(Beginning of SUPPLIED INFORMATION)

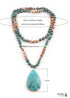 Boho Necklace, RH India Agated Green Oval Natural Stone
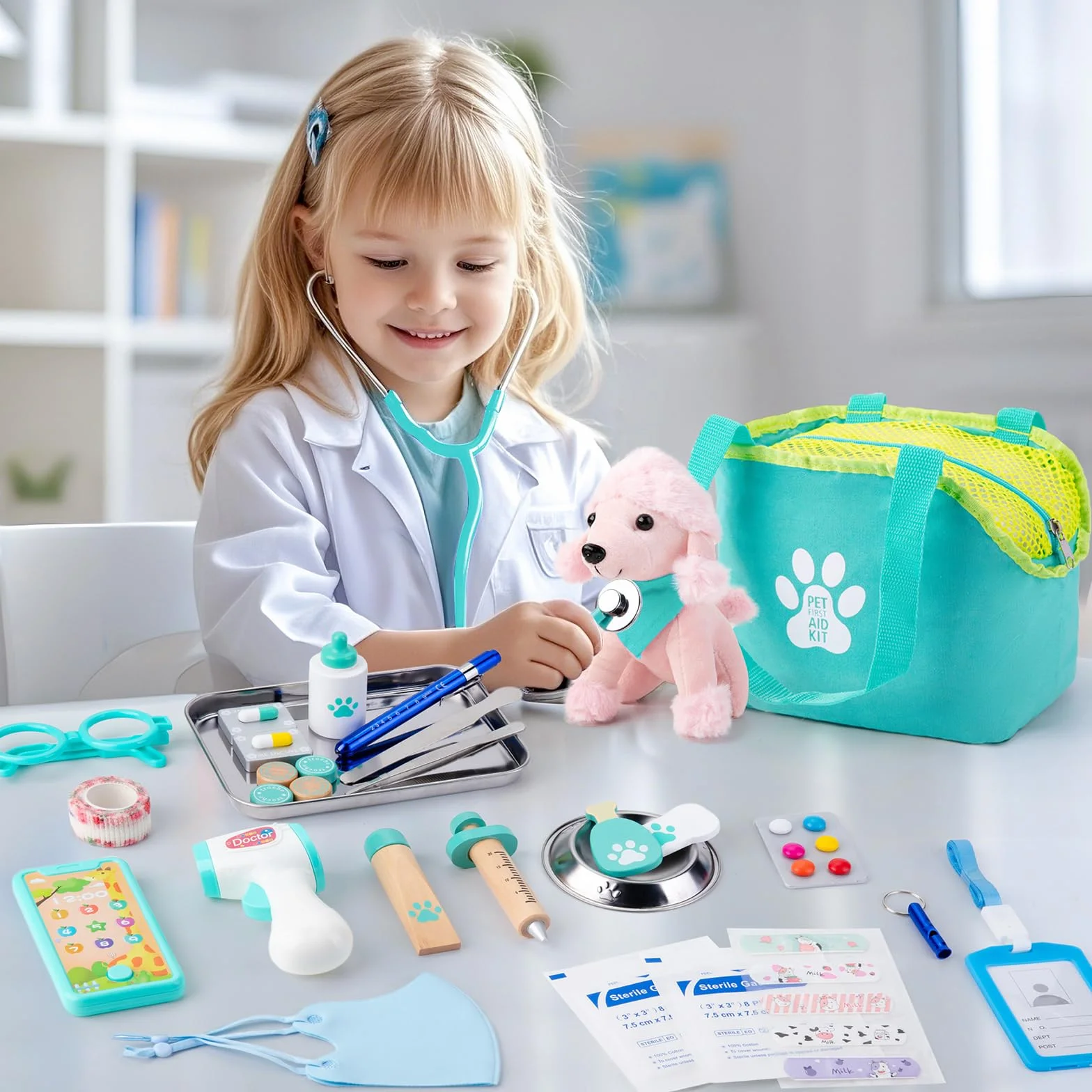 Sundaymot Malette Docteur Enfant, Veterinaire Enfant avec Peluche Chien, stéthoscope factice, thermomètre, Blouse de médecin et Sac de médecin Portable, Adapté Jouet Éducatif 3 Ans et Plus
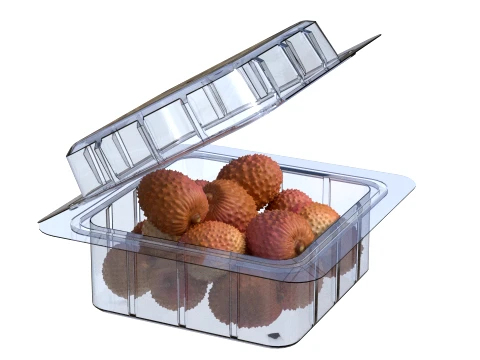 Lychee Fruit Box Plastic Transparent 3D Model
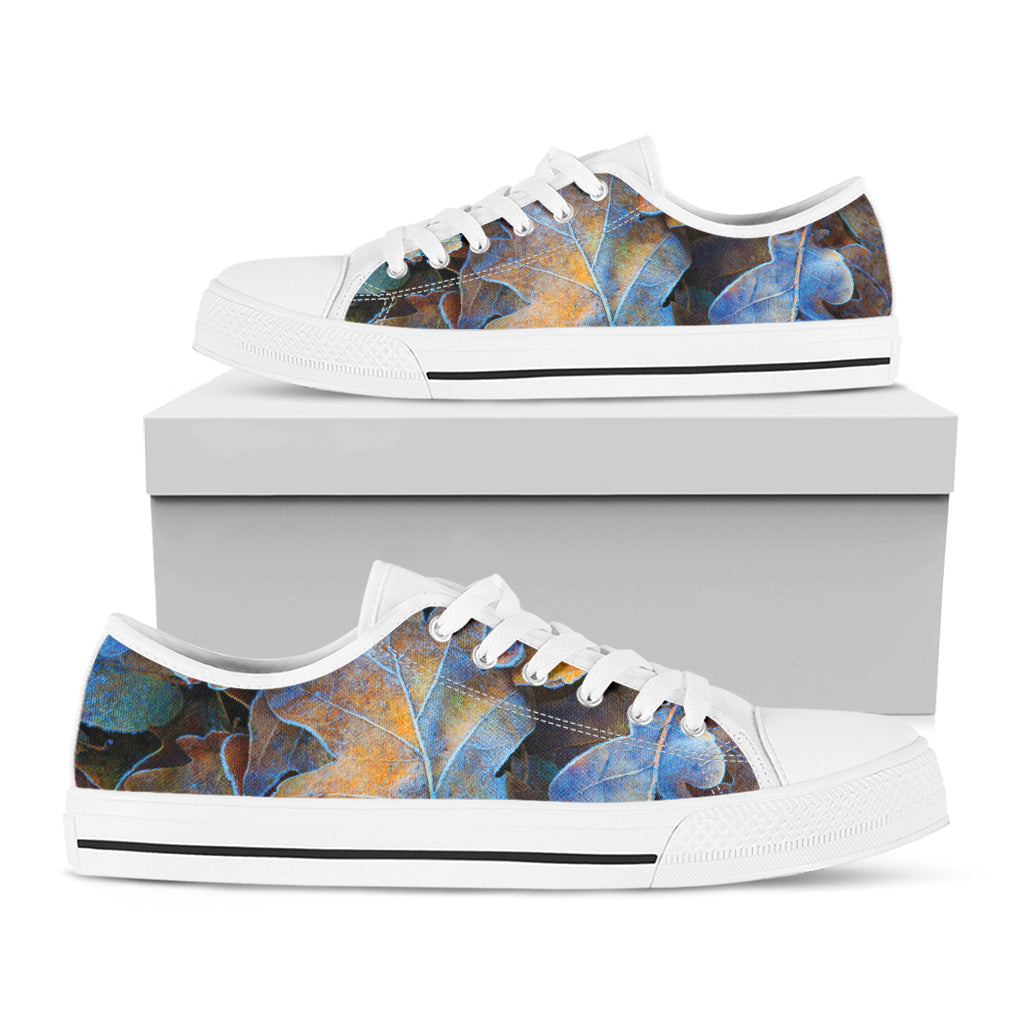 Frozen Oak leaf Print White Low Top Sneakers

(End of SUPPLIED INFORMATION)

EXERCISE INSTRUCTIONS: Leaving every picture out, write out exactly the lines from the one that holds "Sundaymot Malette Docteur" through the end of the listing, both included.

EXERCISE RESULT:
 Sundaymot Malette Docteur Enfant, Veterinaire Enfant avec Peluche Chien, stéthoscope factice, thermomètre, Blouse de médecin et Sac de médecin Portable, Adapté Jouet Éducatif 3 Ans et Plus
 Lychee Fruit Box Plastic Transparent 3D Model
 Frozen Oak leaf Print White Low Top Sneakers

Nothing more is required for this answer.